I used it a bit this weekend. I think it will be fun, once I get the 620 spools for the takeup. I tried using a trimmed-down 120 spool for the takeup and it made it about halfway through the roll before the plastic core on the 120 spool stripped and the film advance spins freely without advancing the film. It is a bit Rube Goldberg-esque with all the different levers you have to actuate to take a photo and advance the film, but the sequence is not hard to remember. The trick is remembering if you advanced the film or not after each frame since there's no multi-exposure lock-out. Not a big deal when taking photos in rapid succession, but if you put the camera down for 15 minutes or more, I suspect there will be times you have blank frames on the roll until you're used to it, out of an abundance of caution.
[...] and lens caps on RF and VF cameras will cause gross underexposure).
Depending on the lens on your Rolleiflex, my brief time with a Chevron left me very impressed with the out of focus look compared to more modern optics like a Xenotar. BUt we are in the realm of unicorns and hobbits here, I know....
I'm just very impressed with the Ektar lens
View attachment 312872
My dad brought home a Medalist in about 1948. He used it until he got a 35 mm in about 1957. Sadly I don’t have that camera. I do have these two, with all accessories. One is unmodified, the other has been converted to 120 film. I have put a lot of film through that one.
I've shot a couple rolls with the Medalist II and the results are nice. Ergonomics are pretty poor so I made a wood grip. Also gizmo'd a respooling jig.
[url=https://flic.kr/p/2nyjrDM]DSCF9495 by Olivier, on Flickr[/URL]
I originally was going to put that Canon 85 LTM they have in the one display on my Leningrad and it doesn't mount properly because the flange distances are the same but the rangefinder cam on the Canon is recessed and the Leningrad is almost on the mount so it doesn't register properly.
I've shot a couple rolls with the Medalist II and the results are nice. Ergonomics are pretty poor so I made a wood grip. Also gizmo'd a respooling jig.
[url=https://flic.kr/p/2nyjrDM]DSCF9495 by Olivier, on Flickr[/URL]
That's nice! Making my grip was pretty simple. A strip of plywood attached to the two tripod mounts, plus a 1" dowel with slight shaping screwed + nailed in.
I have owned and operated a Medalist I & II for many years, and I have often wondered how the WWII Marines and Navy personnel could hang onto one of those slippery buggers. Especially with wet, sweaty hands. I'm pretty sure they had to have used them with the case and strap intact, or they wouldn't have been able to take a single photo.

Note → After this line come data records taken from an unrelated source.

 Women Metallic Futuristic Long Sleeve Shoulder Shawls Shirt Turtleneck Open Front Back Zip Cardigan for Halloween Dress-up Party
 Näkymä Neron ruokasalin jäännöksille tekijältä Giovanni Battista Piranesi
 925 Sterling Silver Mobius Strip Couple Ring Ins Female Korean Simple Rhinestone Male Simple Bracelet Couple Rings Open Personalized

Lol! Plus pressing the shutter release feels like pushing a tack
I've thought about the 120 conversion but for the cost of that I can spool a lot of 120 film onto 620 spools.
I toyed with buying a medalist for a number of years several decades ago. At that time, finding a good one was not difficult, and most of the coll accessories you never see now were still around. I never pulled the trigger because cool as it is, I knew I'd never use it. At the time I was having Ken Ruth (Bald Mountain) CLA some Canon RF bodies for me. He told me not to do the 120 conversion if I bought at Medalist Although he did that job if asked, at a nose-bleed price, he said at there was almost no one else who knew how to that job properly, and most screwed up the camera permanently. Apparently, the film spool chamber dimensions are so tight that a good job requires disassembly of the body, cutting open the film chambers and reconstructing them to the larger diameter of 120 spools. Not a DIY project.

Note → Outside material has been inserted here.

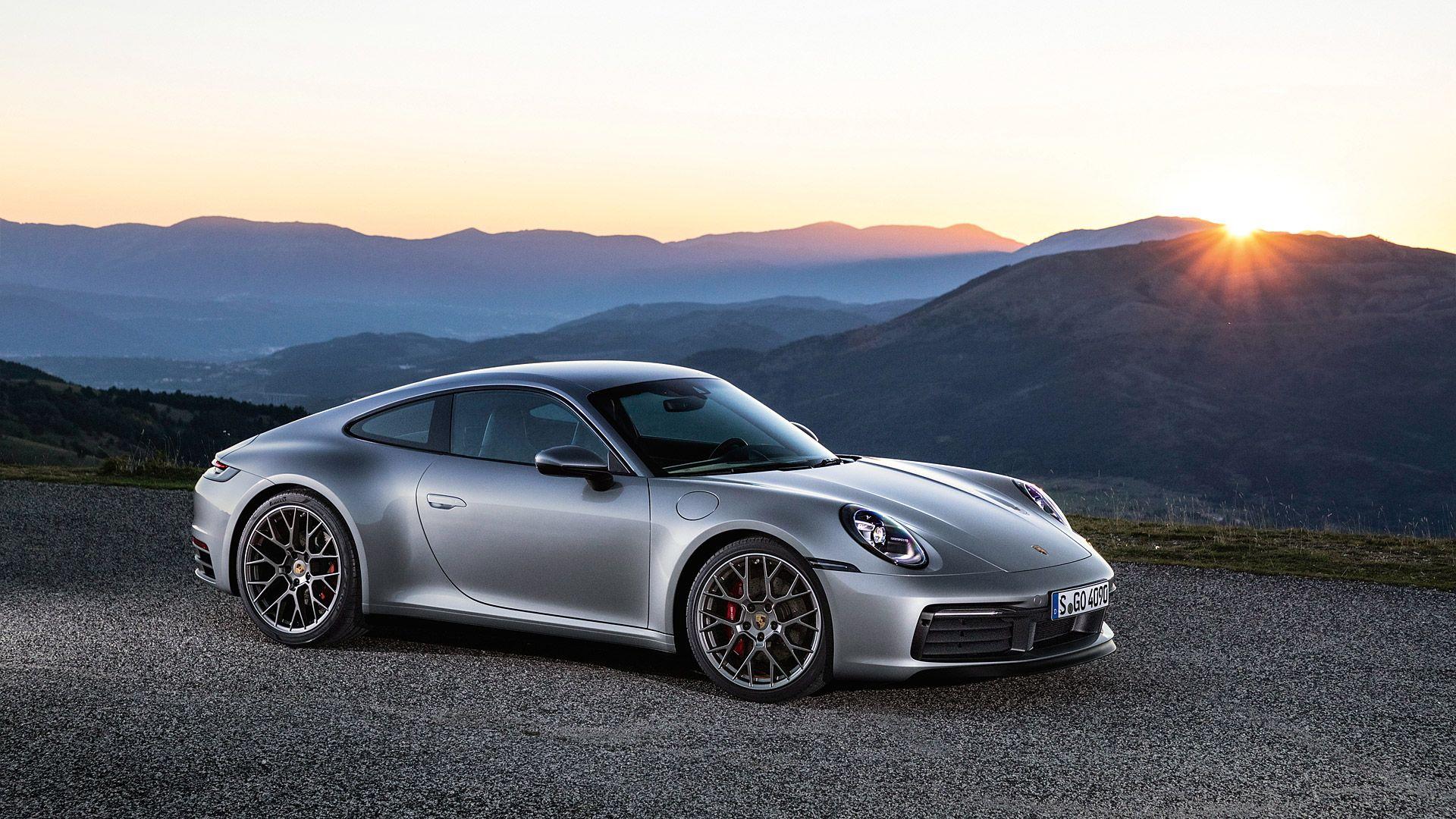 4k, 16:9 wallpaper for a pc, porsche 911 on a road with sunset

I love the Medalist, I have a Medalist I and it's a really nice camera too. People generally don't pay much attention in public to these, I suspect they look much like a DSLR to the uneducated.
For those interested, I've been doing a serial number survey and collecting Medalist serial numbers for the purposes of determining estimated production. If you want to view that information, you can find a link to a spreadsheet in my onedrive here: https://1drv.ms/x/s!Auyccz5bfV-XiCzr9HD_FXHA-f7V?e=eHVEdd
The OPs camera would be a later 1945 production camera.

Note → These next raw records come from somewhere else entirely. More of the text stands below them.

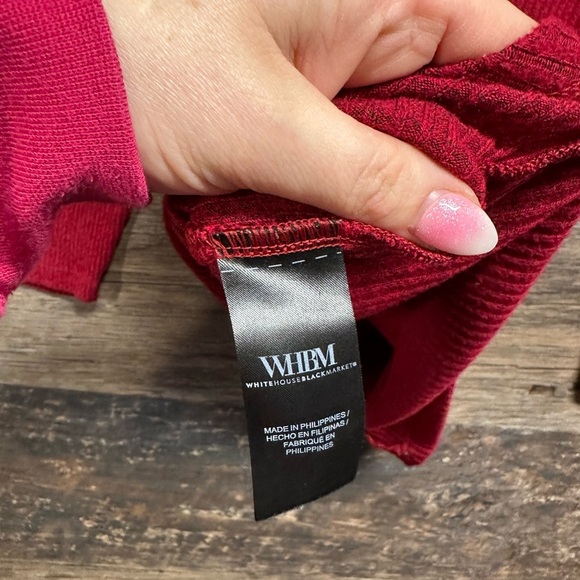 White House Black Market Red V-Neck Sweater Soft Knit - Picture 3 of 5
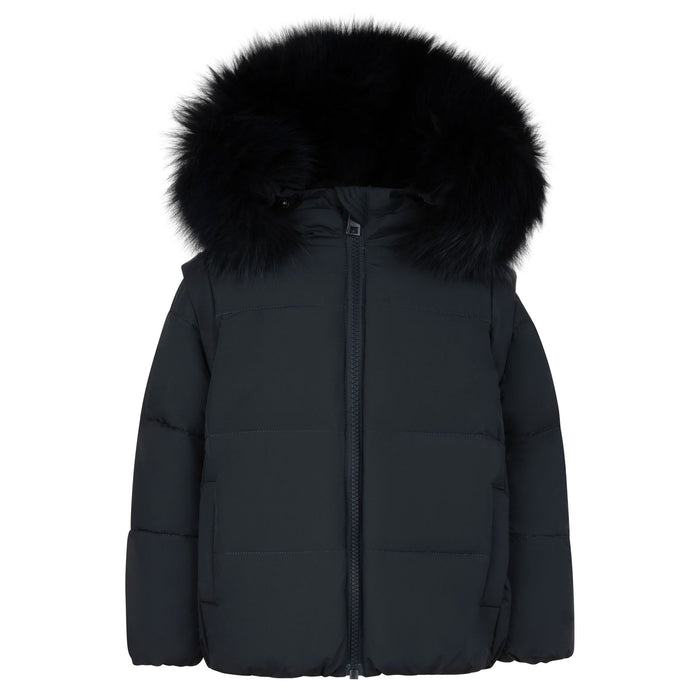 coat color zipper with fur hood - black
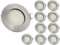 vislux LED Einbaustrahler 230V - 58mm - 70mm - Edelstahlgebürstete Einbauspots Badezimmer- Energiesparende warmweiße Einbauleuchten - 3,5W 330lm 3000K - (10er Set) - (Matt-Chrom)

I somewhat doubt that the Medalist was developed specifically for the U.S. Navy or by their request. They were used extensively by the Navy during the war, but I think this was more the convenience of purchasing an already developed product off the shelf. There are too many 1940 and 1941 production cameras and the Medalist was already being sold to the public as early as 1941, as seen from a excerpt of a 1941 Kodak trade catalog:
View attachment 312835
There's also an internal Kodak document entitled as Major Developments in New Apparatus, which show the pre-production prototype of the Medalist as (E-1108) Six-20 Kodak with Screw-Out Front which dates its development to at least during or prior to 1939.
Hello Hunter_Compton,
I just came across this thread researching details on my newly acquired Medalist II. I like the idea of your spreadsheet and would like to contribute to the list. What's the best way to do that?
If you comment your camera serials I'll add them to the list.